Apple's OS X operating systems were first introduced with Mac OS X 10.0 Cheetah in 2001. Mac OS X 10.4 Tiger was introduced in 2004 and Mac OS X 10.5 Leopard was introduced in 2006. I have an iMac sitting dormant in my office because the processor in the iMac cannot take an operating system later than OS X 10.5 and there are very few things left I can do with the computer. The most recent Apple OS X is OS X 10.10 Yosemite introduced in 2014.

There is a direct correlation between the release of a new operating system and changes in the microprocessor used in your computer. New processors equal new operating systems in most cases. You may think that your old computer is merely a little out-of-date and slow, but the effects of technological change are much more serious than mere inconvenience. Some programs are abandoned as the new technology changes. Most developers bite the bullet and upgrade their programs constantly. Sometimes these upgrades result in a cost to upgrade to a new version. Most of the time, the new version has features that make it more useful, although with some upgrades it may seem that the developer is going in the other direction.

Now we come to Window 10 from Microsoft. estimates that 56.26% of the world's computers are running Windows 7. Mac OS X 10.10 has 3.21% of the market and older versions of both operating systems or other operating systems make up the balance. There are supposedly 18.26% of the market still using Windows XP. Windows XP had a long run, it was introduced in 2001 and replaced by Windows Vista in 2007.

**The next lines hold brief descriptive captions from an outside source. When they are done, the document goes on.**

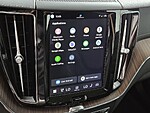 Used 2023 VOLVO XC60 ULTIMATE BRIGHT THEME in HENDERSON, NEVADA (Photo 24)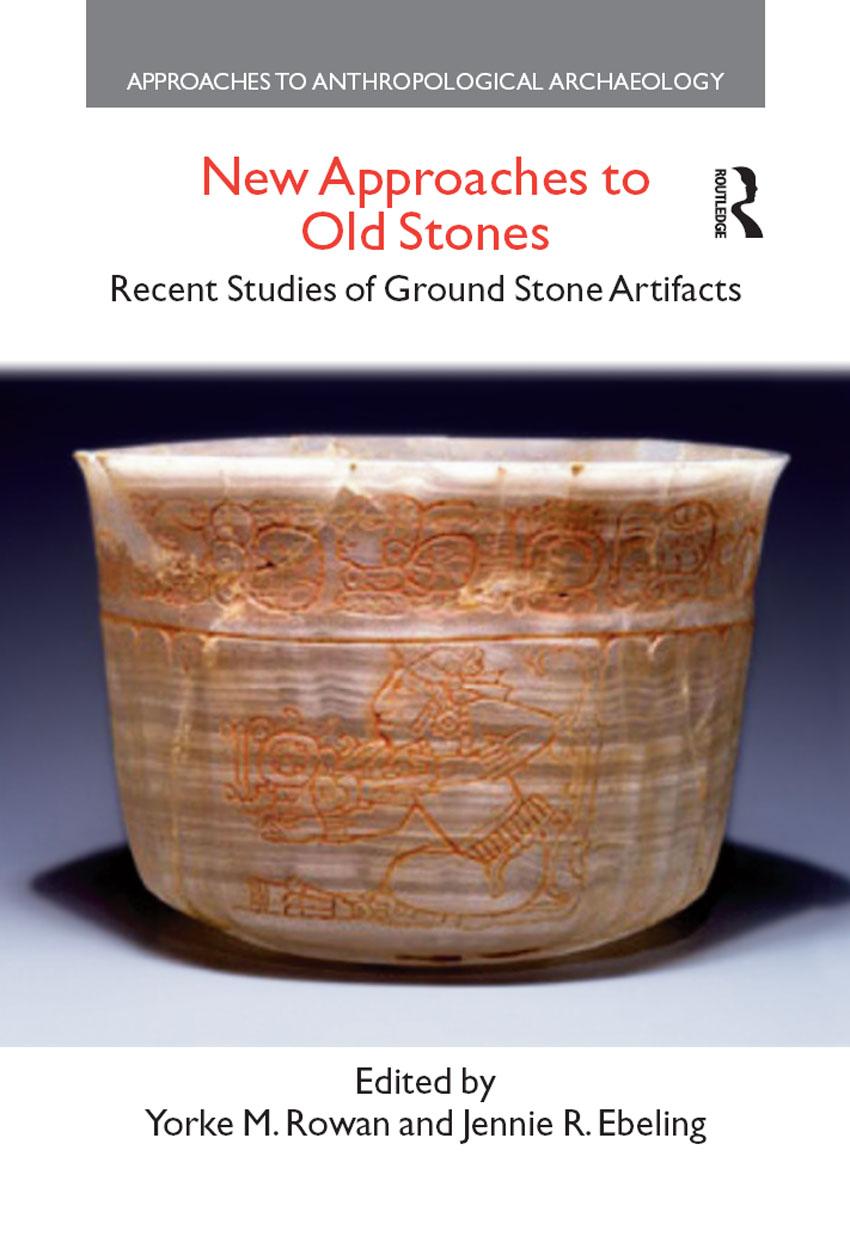 New Approaches to Old Stones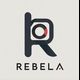Rebela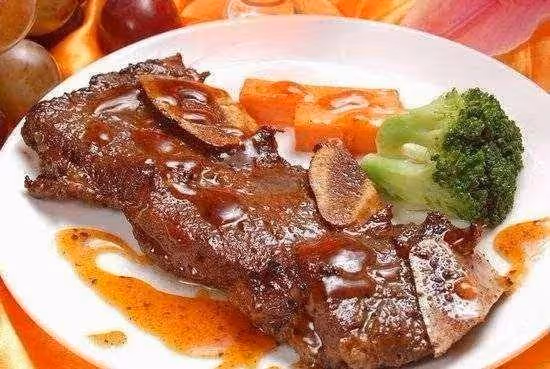 清明在家待客不用愁,教你幾道解饞下飯的家常菜,端上桌特有面子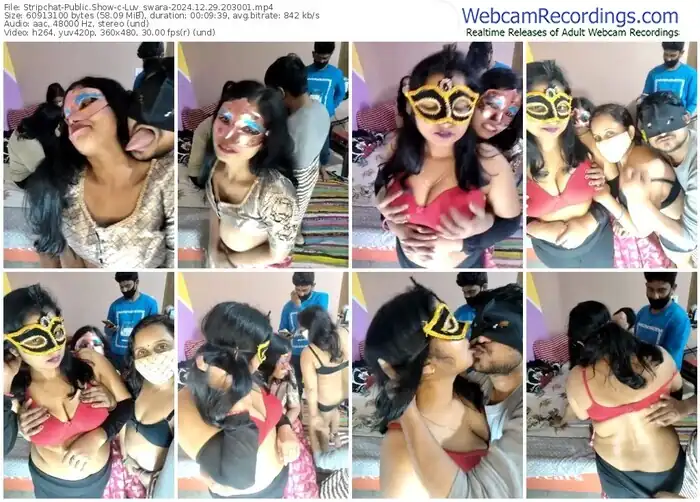 stripchat-luv_swara-12-29-2024-20-30-01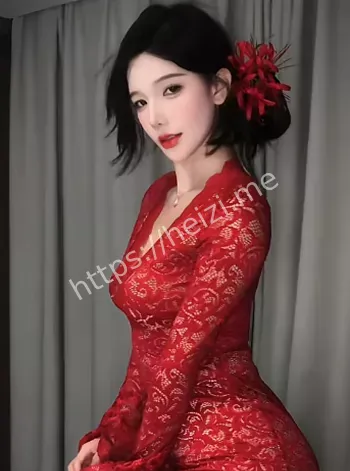 沈熙直播翻车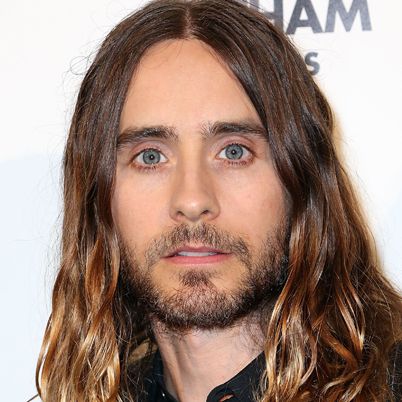 Jared Leto 0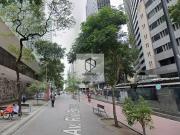 Conj. Comercial / Sala para Venda em Rio de Janeiro/RJ...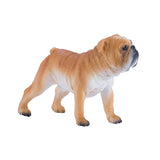 Mojo Bauereland Englesch Bulldog 381053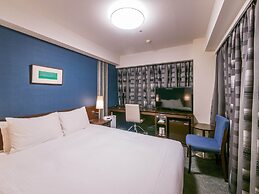 Richmond Hotel Fukuoka Tenjin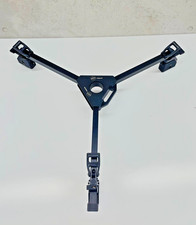 Sachtler Cine Studio Dolly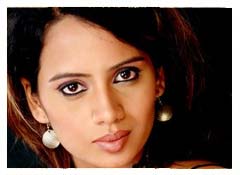 Marathi Bikini Actress on Roadfree Desktop Backgrounds With It Does Not Friends Analytic
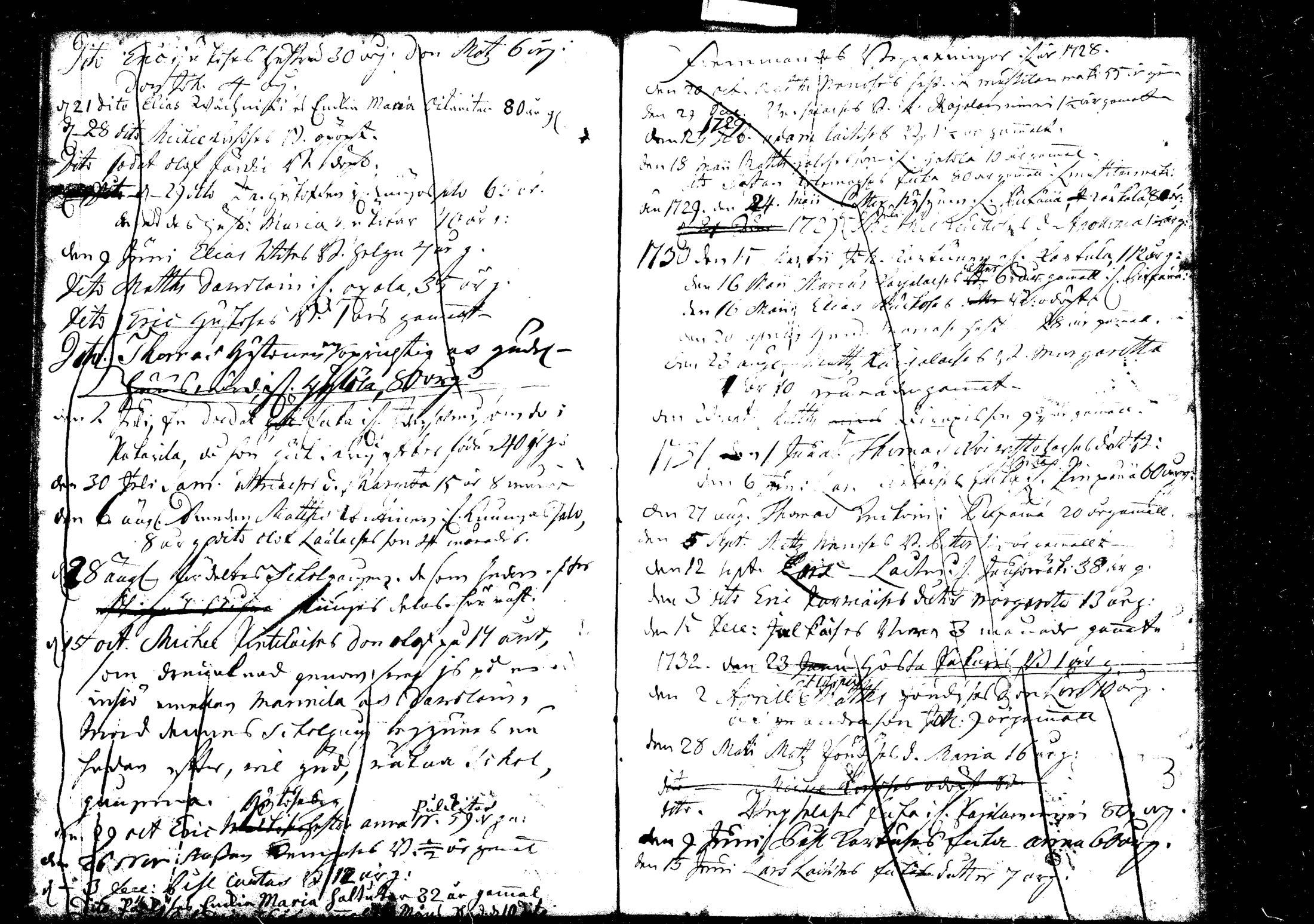 [ kuvat/41.jpg ]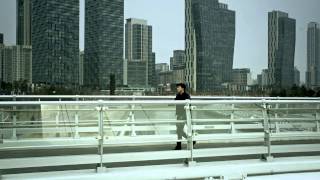 [MV] 타이비언(TAIBIAN)  "Queen" - Queen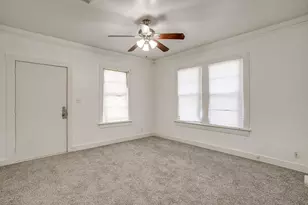 7000 Alice Rd, Lake Worth, TX 76135 - Photo 30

At the core of the issue here is that when Windows 10 comes out, it will have features that will require the most recent computer processors. If you look at the list of Intel Chipsets in the past few years, you can see a rough correspondence with the changes in operating systems. Intel released new Pentium chips in 1999 and 2001. See Wikipedia: List of Intel chipsets. Pentium 4 Chipsets began coming out in 2000 and continued until 2003. Newer Pentium 4 chips came out in 2004, 2005 and 2006. 2004 to 2006 saw the introduction of the Core/Core 2 Chipsets. New series of chips are coming out in 2015 and 2016.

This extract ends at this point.